Nel 2017 la svolta istituzionale con la Medaglia d’oro al valor militare per la Resistenza
La manifestazione del 2017 segnò, per la Brigata Ebraica, una vera e propria svolta “istituzionale”. A partire dal 25 aprile di quell’anno, si assisté, per dirla con Gianluca Fantoni, a una vera gara “bipartisan” per legittimarla. Ovviamente per diversi motivi: la sinistra per eliminare qualsiasi sospetto filopalestinese e quindi di antisemitismo, Berlusconi e compagnia per delegittimare ulteriormente l’Anpi e in generale il mondo antifascista, la Lega per rimarcare ogni distanza da arabi e islamici, la destra estrema per accreditarsi sempre più come “amica” di Israele.

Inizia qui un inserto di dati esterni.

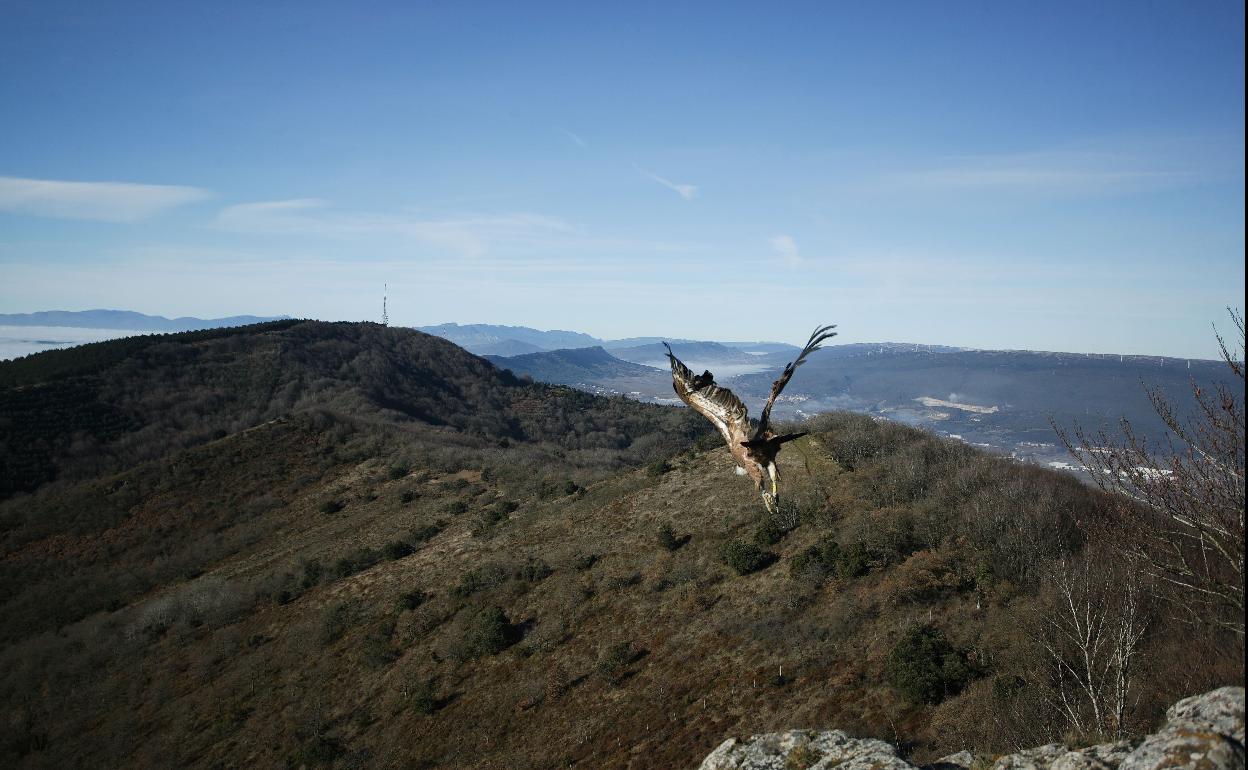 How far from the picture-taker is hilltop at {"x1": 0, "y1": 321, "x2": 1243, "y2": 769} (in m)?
16.9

La gara portò, il 25 luglio di quell’anno, al conferimento, sostenuto da tutte le forze politiche (Movimento 5 stelle compreso), su proposta della Commissione Esteri della Camera, presieduta dalla piddina Lia Quartapelle, della Medaglia d’oro al valor militare per la Resistenza alla Brigata che, recita la Legge 114 del 18 luglio 2017, «operò durante la Seconda Guerra mondiale e offrì un notevole contributo alla liberazione della Patria e alla lotta contro gli invasori nazisti». Ma di questa medaglia la “piazza”, o almeno parte di essa, negli anni successivi, non se ne è proprio curata. E c’è da giurare che difficilmente ne terrà conto quest’anno, soprattutto mentre le vicende belliche di Gaza stanno infiammando molti animi, forse più che la Resistenza.